If doing all of them is too big an ask, how about showing the C/C++/JS interfaces for GetPreference and GetNavigationLocation so I see an example of how they are done for different args/return values?

I created a diplomat branch to work in if you are willing to help me use diplomat.

Thanks for any help you can give.

Manishearth commented 1 year ago

I need both the C and C++ interfaces, plus I'd really like to have a JS interface

Yep, we have all three. The C and C++ ones have been recently redone to be better, the JS one I'm planning on redoing but you can still use the old one.

Is that something you would be willing to do?

This does seem like a relatively small surface area, I can try ... no promises, and this would be low priority for me, and I might just do it partially. I'll keep you posted.

NSoiffer commented 1 year ago

I appreciate whatever you can do. Maybe hold off on the JS version if you are going to redo it. Up to you.

Manishearth commented 1 year ago

It's easy enough to generate, but yeah perhaps worth waiting on advertising it

NSoiffer commented 10 months ago

This does seem like a relatively small surface area, I can try ... no promises, and this would be low priority for me, and I might just do it partially. I'll keep you posted.

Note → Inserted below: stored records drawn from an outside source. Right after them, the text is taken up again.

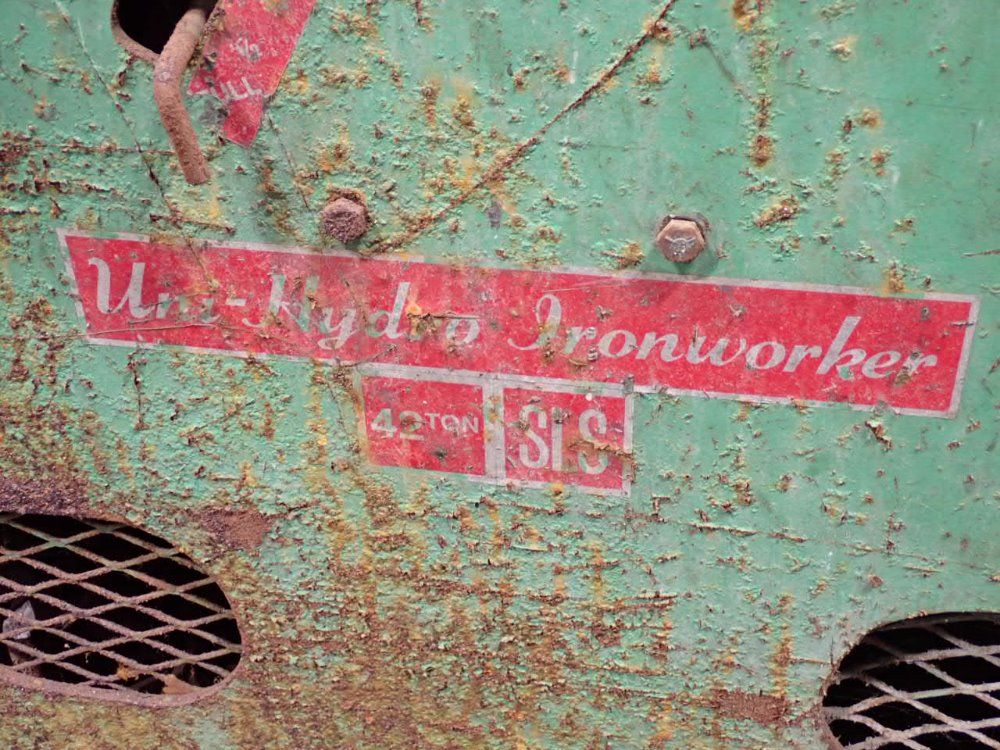 Uni-hydro 42-14sls Ironworker - 42-14sls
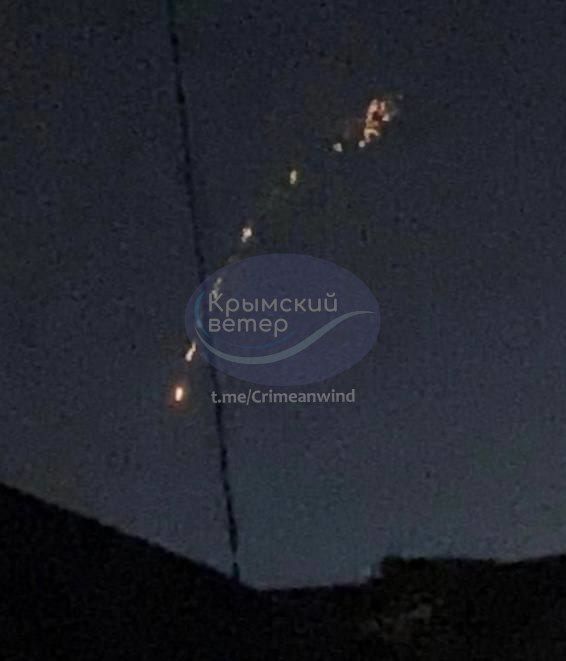 Вибухи поблизу аеродрома у Джанкої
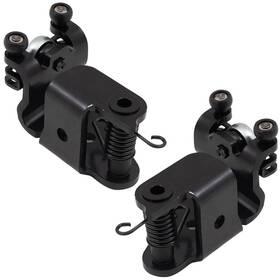 7449-0013lr Brock Pair Power Sliding Door Rollers For 99-04 Honda Odyssey Ex Ex-l Center Rail Male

@Manishearth: any chance this might happen soon?

Manishearth commented 10 months ago

Pretty busy right now, can't promise anything.

@sffc might be interested in trying?

NSoiffer commented 10 months ago

I have someone who has maybe a week's time, but no Rust experience. I could possibly get him to try it, but I'm worried that he'll spend most of his time trying to understand Rust and would be better off doing a different project. Any idea whether after some initial set up, Rust experience is needed?

Manishearth commented 10 months ago

Diplomat's API definitions are also a subset of Rust, so while I don't think much Rust experience is required, it may be annoying for them to have to pick it up this way.

NSoiffer commented 10 months ago

Thanks. I won't suggest this to him.